Single by Chris Stapleton

from the album Traveller
- Released: November 9, 2015
- Genre: Country rock
- Length: 4:04
- Label: Mercury Nashville
- Songwriters: Chris Stapleton; Barry Bales; Ronnie Bowman;
- Producers: Dave Cobb; Chris Stapleton;

Chris Stapleton singles chronology
| "Traveller" (2015) | "Nobody to Blame" (2015) | "Parachute" (2016) |

= Nobody to Blame =

2015 single by Chris Stapleton

"Nobody to Blame" is a song recorded by American singer-songwriter Chris Stapleton. The song was released in November 2015 as the singer's third single overall. Stapleton co-wrote the song with Barry Bales and Ronnie Bowman. It became Stapleton's first top 10 single on the US Country Airplay chart. "Nobody to Blame" won Song of the Year at the ACM Awards.

==Content==
The country rock song is a mid-tempo composition about a man looking back on the events following a break-up. His ex has kicked him out of the house and destroyed all of his belongings, often in sadistic fashion (dumping out his whiskey, breaking his fishing rods, burning his guitar in a bonfire, running his hot rod car into a pond and putting sugar in the gas tank of his lawnmower). Despite her behavior, he admits there is "nobody to blame" but himself for his situation.

==Critical reception==
Billy Dukes of Taste of Country gave the song a favorable review, saying that it "is a 200-proof country song that'd fit neatly into any generation's best of catalog.

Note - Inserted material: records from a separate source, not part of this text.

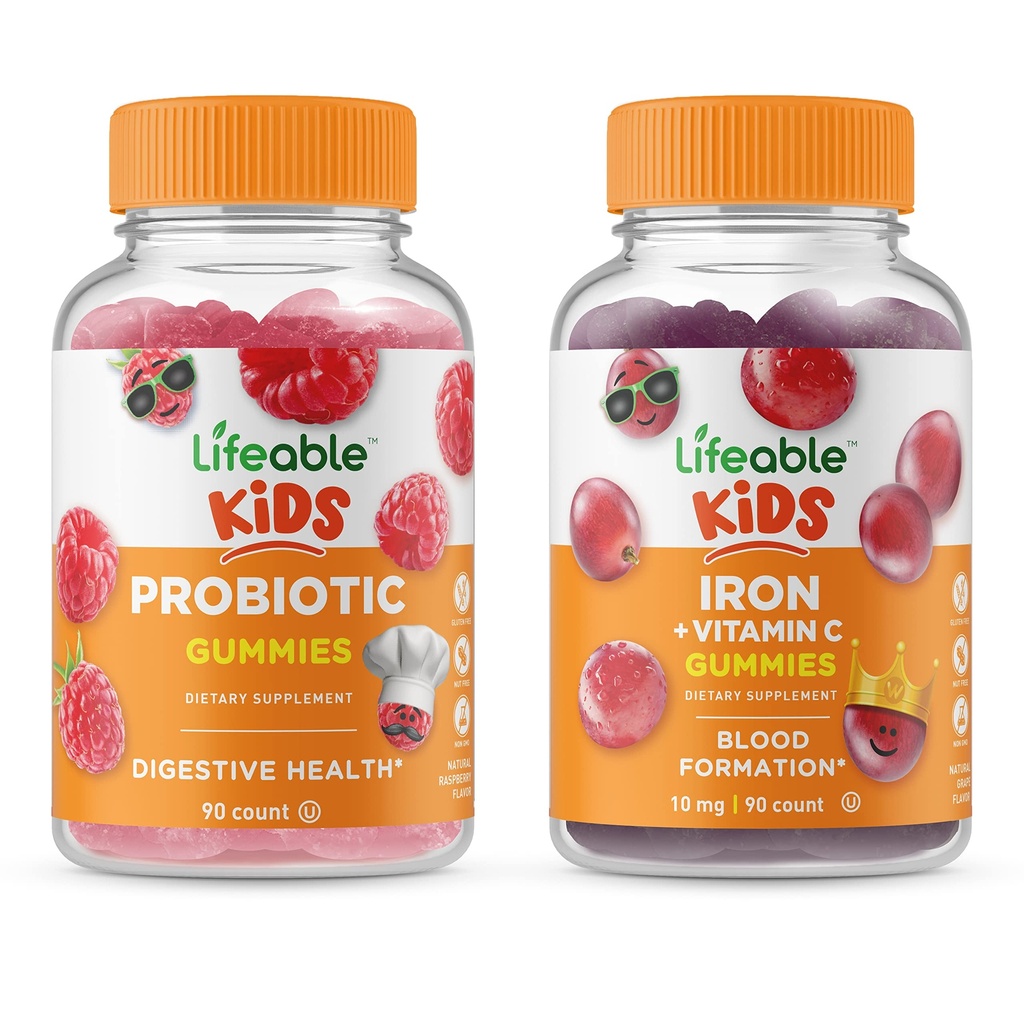 Levensbaar Probiotic 2 Miljard CFU Kids + Iron & Vitamin C Kids, Gummies Bundle - Grote Proeverij, Vitamine Supplement, Glutenvrij, GGO-vrij, Kauwgom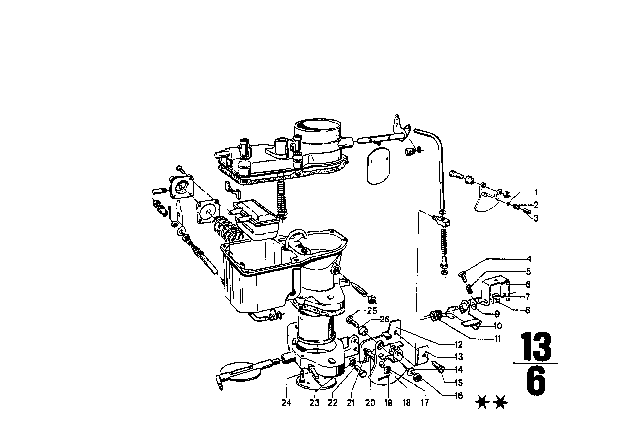 1973 BMW 2002 Carburetor Mounting Parts Diagram 5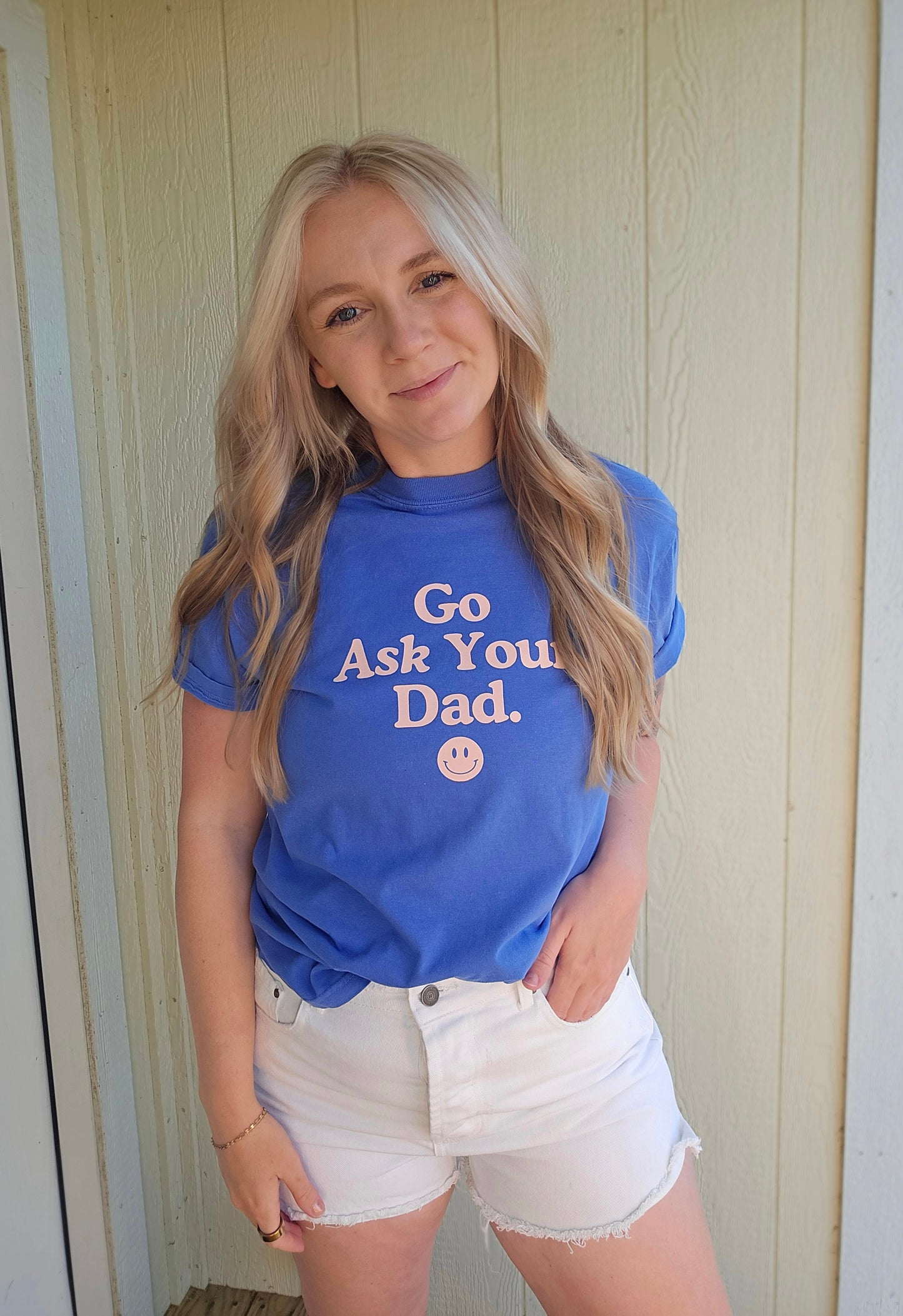 GO ASK YOUR DAD Blue Vintage Wash Tee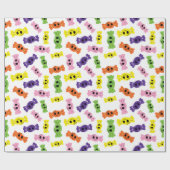 シームレスパターンデザインカラフルキャンディスハロウィーン ラッピングペーパー (フラット)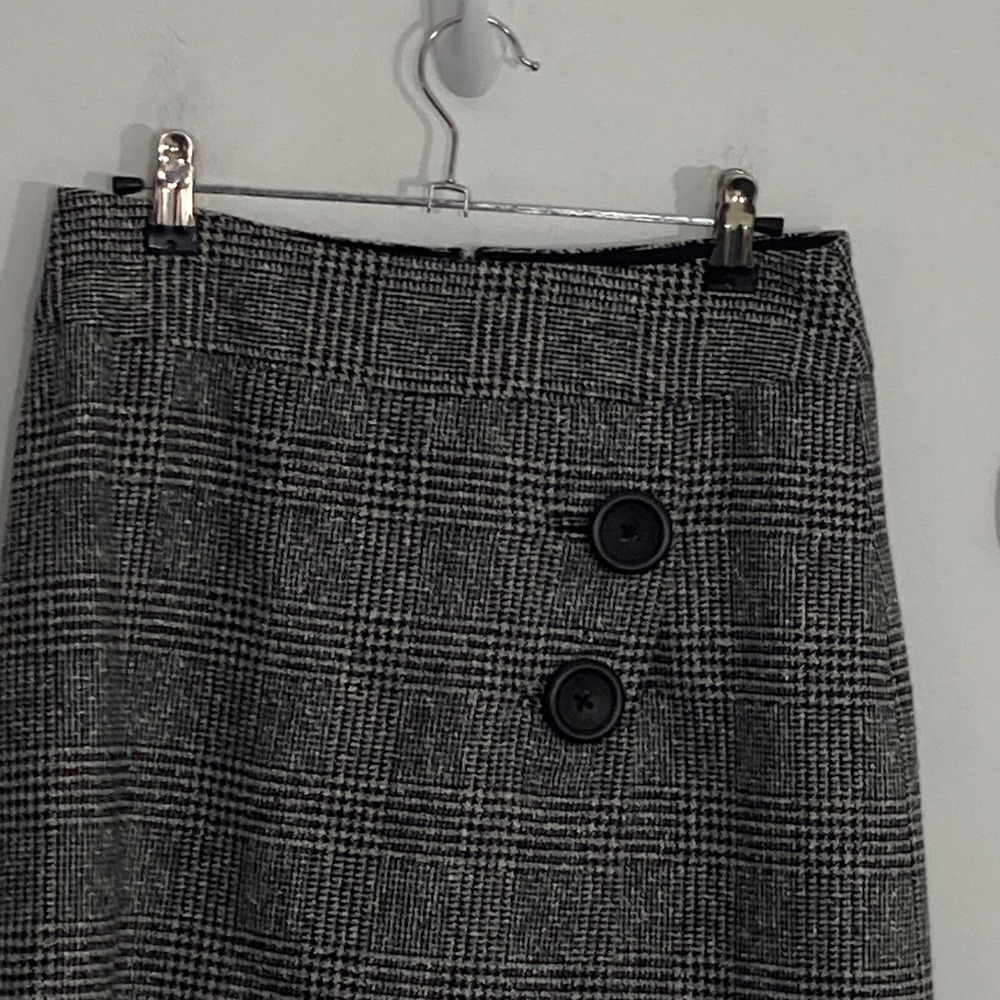 Body By Victoria Womens Skirt 2 Black Plaid Wool Blend Academia Gothic Vixen - Picture 3 of 14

The second single from Traveller is full of steel guitar, fiddle and pain. It rambles along like the best from Waylon while providing a de facto education to the 21st century boy. Stapleton doesn't deviate from what he does best: simple, honest story songs that lean heavy on his once-in-a-lifetime voice."

==Commercial performance==
The song first entered the Country Airplay chart at number 46 and the Hot Country Songs chart at number 50 for the chart dated November 21, 2015. The song peaked at number 10 on the Country Airplay chart, making it Stapleton's first single to reach the top 10. It has sold 423,000 copies in the US as of November 2016.

==Charts==

===Weekly charts===

| Chart (2015–2016) | Peak position |
|---|---|
| Canada Hot 100 (Billboard) | 83 |
| Canada Country (Billboard) | 11 |
| US Billboard Hot 100 | 68 |
| US Country Airplay (Billboard) | 10 |
| US Hot Country Songs (Billboard) | 13 |

===Year end charts===

| Chart (2016) | Position |
|---|---|
| US Country Airplay (Billboard) | 55 |
| US Hot Country Songs (Billboard) | 36 |

==Certifications==

| Region | Certification | Certified units/sales |
| Canada (Music Canada) | Platinum | 80,000^{‡} |
| United States (RIAA) | 2× Platinum | 2,000,000^{‡} |
^{‡} Sales+streaming figures based on certification alone.